Best Practices of Designing MaxCompute Tables

12 min readJan 22, 2019

We will be sharing the best practices of designing Alibaba Cloud MaxCompute tables by addressing several typical application scenarios of MaxCompute.

Operations that Produce Too Many Small Files

Since small files in MaxCompute tables influence storage and computing performance, we will first explain which operations will cause too many small files so that we can avoid these operations when designing tables.

During the process of uploading data by using MaxCompute Tunnel SDK, a file is generated for each commit operation. If each file is too small (for example, less than 10 KB) and data is continually uploaded (for example, every 5 seconds), then 720 small files will be generated in just one hour, and 17,280 in just one day. When MaxCompute Tunnel SDK is used to upload data, a lot of empty directories (small files on the server) will be generated if sessions are created and data is directly committed without being uploaded.

When the Tunnel command in the MaxCompute Console command-line tool is used to upload data, local large files will be split into too small files, causing too many small files after uploaded. When DataHub is used to archive data, each shard in DataHub writes data into MaxCompute under the following two conditions: If the total data volume reaches 64 MB, commit data to MaxCompute to form a file. Or commit every five minutes to form a file. Therefore, if there are too many shards (for example, 20 shards), each shard is far from having 64 MB data within five minutes (for example, several hundred KB of data), and a large number of small files will be produced. In this case, 241220=5760 files will be generated in just one day.

When data modeling tools such as DataWorks are used to incrementally insert data into a table (or table partition) in MaxCompute, each Insert Into operation will produce a file. If the Insert Into operation is run on 10 records each time, and a total of 10,000 records are inserted each day, then 1000 small files are created each day.

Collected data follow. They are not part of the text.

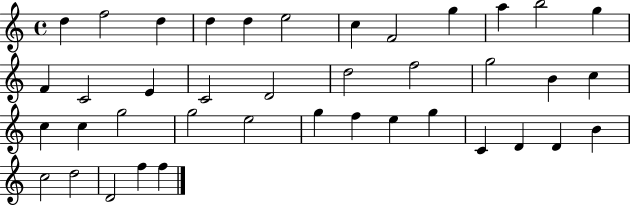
{
  \clef treble
  \time 4/4
  \defaultTimeSignature
  \key c \major
  d''4 f''2 d''4 | d''4 d''4 e''2 | c''4 f'2 g''4 | a''4 b''2 g''4 | \break f'4 c'2 e'4 | c'2 d'2 | d''2 f''2 | g''2 b'4 c''4 | \break c''4 c''4 g''2 | g''2 e''2 | g''4 f''4 e''4 g''4 | c'4 d'4 d'4 b'4 | \break c''2 d''2 | d'2 f''4 f''4 | \bar "|."
}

When Alibaba Cloud Data Transmission Service (DTS) is used to synchronize data from databases like ApsaraDB for RDS to MaxCompute, DTS will create full tables and increment tables. A relatively complete data sync is committed during inserting progress data in increment tables due to few entries inserted each time, causing too many small files in increment tables. For example, if data is synchronized every 5 minutes and 10 entries are synchronized each time, the incremental data in a day is 10,000 entries, producing a total of 1000 small files. In this case, full ultimate tables and incremental data tables need to be merged after data sync is completed.

In the event of too many source data collection clients, source data will directly go into a partition through Tunnel. Every time each source data collection client commits data, a separate file will be created in the same partition, causing a large number of small files.

Log Service triggers Function Compute to continuously and frequently write files into MaxCompute, and streaming data of small files goes into MaxCompute.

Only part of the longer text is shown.